The Competition Bureau ruled yesterday that the league did not contravene Canada's Competition Act in its processing of Jim Balsillie's bid to buy the Nashville Predators last spring. The Bureau also examined Balsillie's earlier attempt to purchase the Pittsburgh Penguins.
In both cases, Balsillie would likely have eventually moved the team to Copps Coliseum.
The ruling removes, for now, one of the potential legal hammers that could have been used to break down the National Hockey League's resistance, should Balsillie -- or anyone else -- buy a team and formally try to move it to Hamilton.
"We are confident that the NHL's policies are not anticompetitive," said Richard Taylor, deputy commissioner of competition, on the Bureau's website. "We conducted an extensive investigation which established that the NHL's policies were directed at furthering legitimate interests of the NHL, and not to prevent competition. This concludes our investigation of the matter."
The Canadian Bureau decided to look into the matter when several Canadian media outlets, including The Spectator, questioned whether the league actions might be blocking a second team from coming to southern Ontario.
But the Bureau agreed that the NHL would not permit any single team -- read, Toronto Maple Leafs or Buffalo Sabres -- to exercise a veto to prevent a franchise from entering into southern Ontario.
According to Section 36 of the NHL bylaws, only a majority of teams would have to vote in favour of relocation.
Legal and political pressures were never going to be the key to getting a team here anyway, although their existence would have certainly helped in a peripheral way. And it should be remembered that the Competition Bureau instigated the investigation of the NHL on its own, not at the urging of Balsillie, although he didn't oppose it.
But it was already clear, from their conciliatory tone of late, that the Balsillie camp will take a softer approach on its next attempt to purchase.
They followed all the protocol on the Pittsburgh deal and felt that the league absolutely skewered them as the deal was closing. So they became much more visible, vocal and aggressive in the Nashville dealings.
In so doing, Balsillie forced the issue of Canadian teams and the viability of Hamilton as a franchise site into the national, and NHL, consciousness.

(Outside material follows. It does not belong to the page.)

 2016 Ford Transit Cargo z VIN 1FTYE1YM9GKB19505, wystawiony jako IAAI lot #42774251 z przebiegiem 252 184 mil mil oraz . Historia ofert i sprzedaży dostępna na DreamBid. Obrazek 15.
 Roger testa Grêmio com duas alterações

But he also rubbed many NHL governors the wrong way.
Hamilton Mayor Fred Eisenberger doesn't think the Competition Bureau's ruling changes much in the city's pursuit of an NHL team.
"It's nice to know the law of the land doesn't think the NHL would do anything against the Competition Act," Eisenberger said yesterday.

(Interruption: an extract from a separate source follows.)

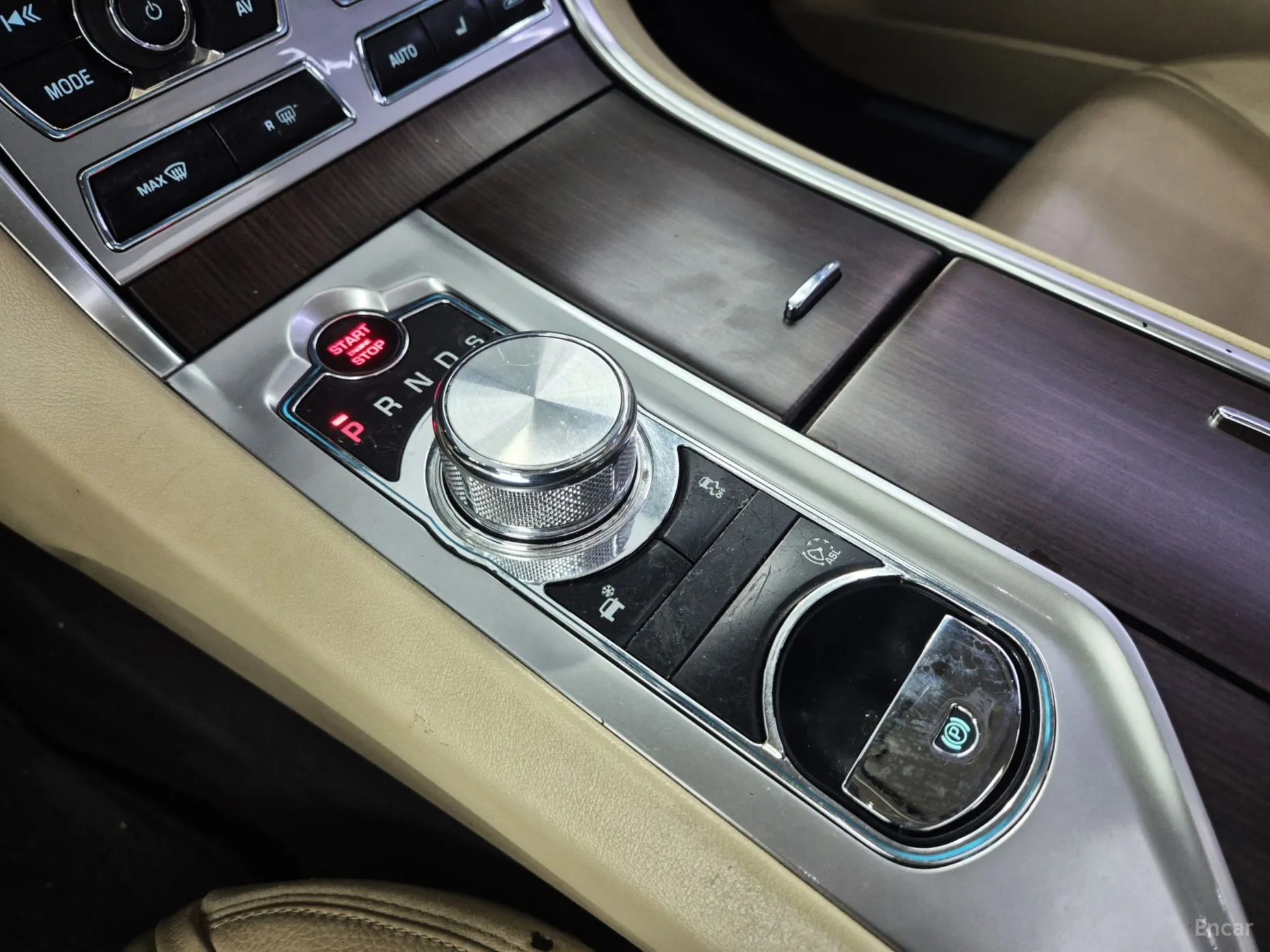 Jaguar New XF превью 15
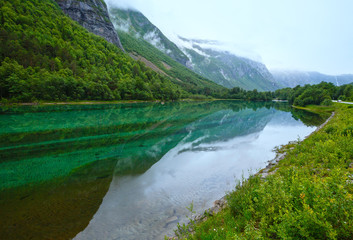 Fototapeta na wymiar Mountain lake with clean water (Norway).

"From where I sit, and from what a lot of people think, this market could easily handle another team. It could handle all three teams and create a big rivalry."
Balsillie's agreement with the city for long-term rights to Copps Coliseum formally expired when his company did not own a team by Dec. 31.
The NHL was happy with the ruling, of course.
"We were never concerned about an adverse finding, despite the fact that we were obviously the target of a misguided smear campaign intended to arouse public sentiment, especially in Canada," NHL deputy commissioner Bill Daly told The Canadian Press.
Former Nashville Predator owner Craig Leipold pulled out of negotiations with Balsillie last summer after agreeing in May to sell the Predators for $228-million US.
After protracted negotiations, the team was sold for $193-million US to Predators Holdings LLC, which includes mostly local business people. But the largest investment has been made by William (Boots) Del Biaggio, a Californian, who originally had been hired by the arena in Kansas City to bring a team there.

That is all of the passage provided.